Assad visits Oman after quake, in first since war
MUSCAT: Syrian President Bashar al-Assad visited Oman on Monday, his first official trip to the Gulf country in more than a decade of civil war at home, the Omani foreign ministry said.
The one-day trip to meet with Sultan Haitham bin Tareq came two weeks after a 7.8-magnitude earthquake struck southeastern Turkiye and northern Syria, killing more than 44,000 people across both countries.
The quake sparked Arab outreach to the internationally-isolated Assad government, which was expelled from the Arab League after war broke out in 2011. Sultan Haitham and Assad “held official talks” at the royal palace in Muscat, Oman’s foreign ministry said in a statement.
The Omani ruler “extended anew his condolences and sincere sympathy to the president and to the brotherly Syrian people for the victims of the devastating earthquake”, it added.
The two leaders discussed regional issues and bilateral ties before holding a “private meeting”, the statement said without elaborating.
Unlike other Arab Gulf states, Oman never severed diplomatic ties with Damascus.
The United Arab Emirates and Bahrain both restored relations with Assad’s government in 2018.
Assad visited the UAE last year in his first trip to an Arab state since the war began, followed only by Monday’s Oman visit.
Analysts say a diplomatic momentum generated by aid efforts in the quake’s aftermath could bolster Assad’s relations with other countries in the Middle East that have so far resisted normalisation.
Saudi Arabia’s foreign minister said on Saturday a consensus was building in the Arab world that a new approach to Syria would be needed to address humanitarian crises including the quake.
“The status quo is not working and... we need to find some other approach,” Prince Faisal bin Farhan told the Munich Security Conference. “What that approach is, is still being formulated,” he said.
Arab states have poured aid into Syria since the Feb 6 quake killed more than 5,900 people there, according to a tally of UN and Syrian government figures.
Donors have included Saudi Arabia and the United Arab Emirates which both supported rebels seeking to overthrow Assad in the early years of the Syrian conflict.
Sultan Haitham bin Tariq said he looked forward to Syria’s ties with all Arab countries returning to normal, according to a statement from the Syrian presidency.
Oman withdrew its ambassador to Syria in 2012 as other Gulf states downgraded or shut missions there in response to the Damascus government’s crackdown on anti-government protests at the start of the conflict.
But Muscat kept up contacts with Syria, despite pressure from the United States, and reinstated its ambassador in 2020, the first Gulf state to do so.
Since then there have been signs of a shift in the Middle East towards reviving ties with Assad, a change accelerated by the earthquake.
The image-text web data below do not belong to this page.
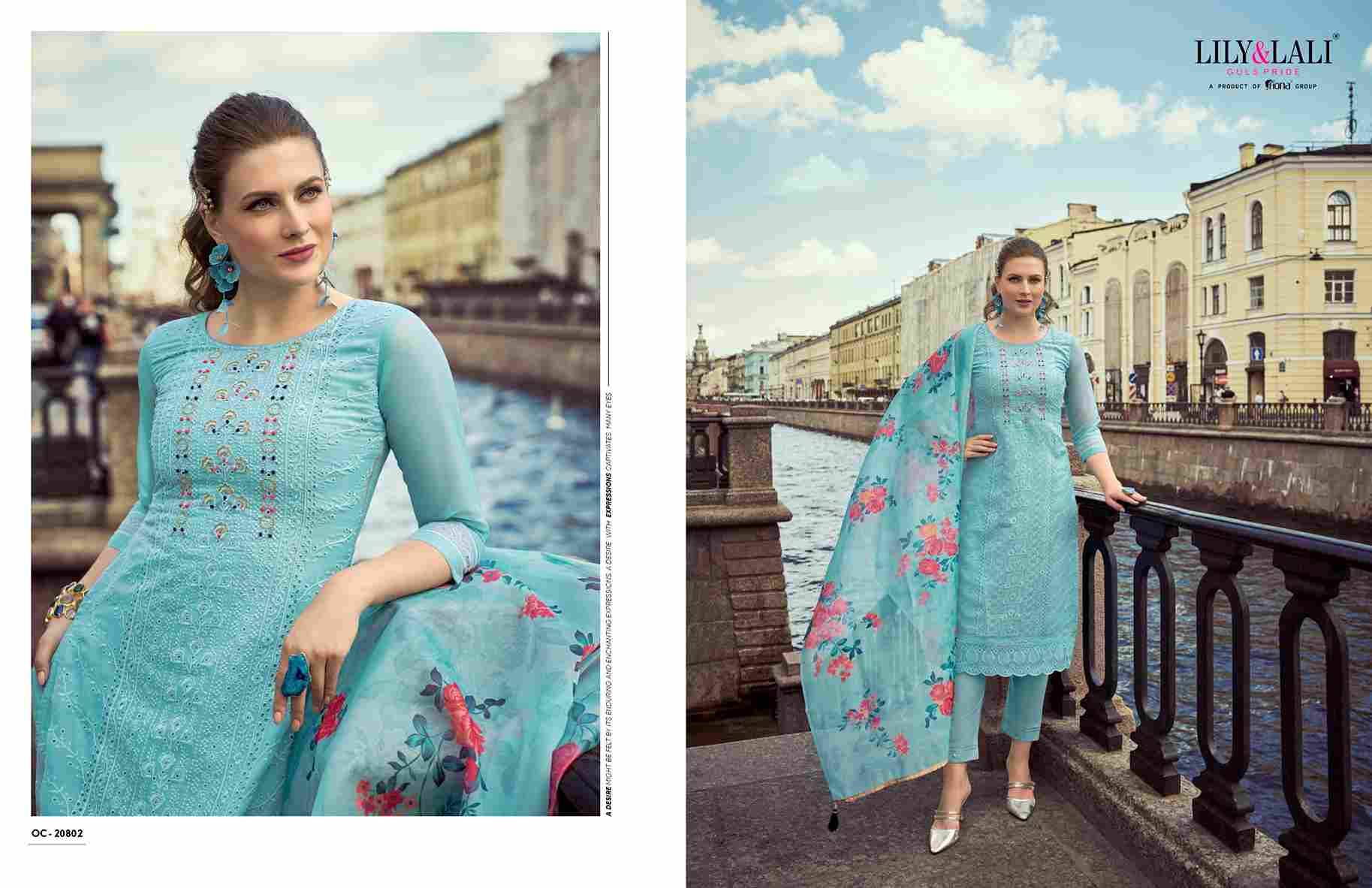 Organza Chikan Kari Vol-2 By Lily And Lali 20801 To 20806 Series Beautiful Festive Suits Colorful Stylish Fancy Casual Wear & Ethnic Wear Pure Organza Dresses At Wholesale Price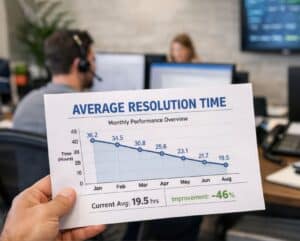Average resolution time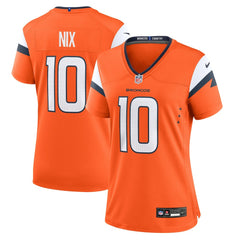 Bo Nix Denver Broncos Women's Game Jersey - Orange for sale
Jordan’s foreign minister made his first trip to Damascus last week and on Feb 7 Assad and Egypt’s President Abdul Fattah al-Sisi spoke by phone for the first time.
The UAE’s foreign minister met Assad in Damascus a week ago, his third such visit since the beginning of the war.
Assad rarely left Syria during the war, travelling only to close allies Russia and Iran whose military support helped Assad turn the tide of the conflict.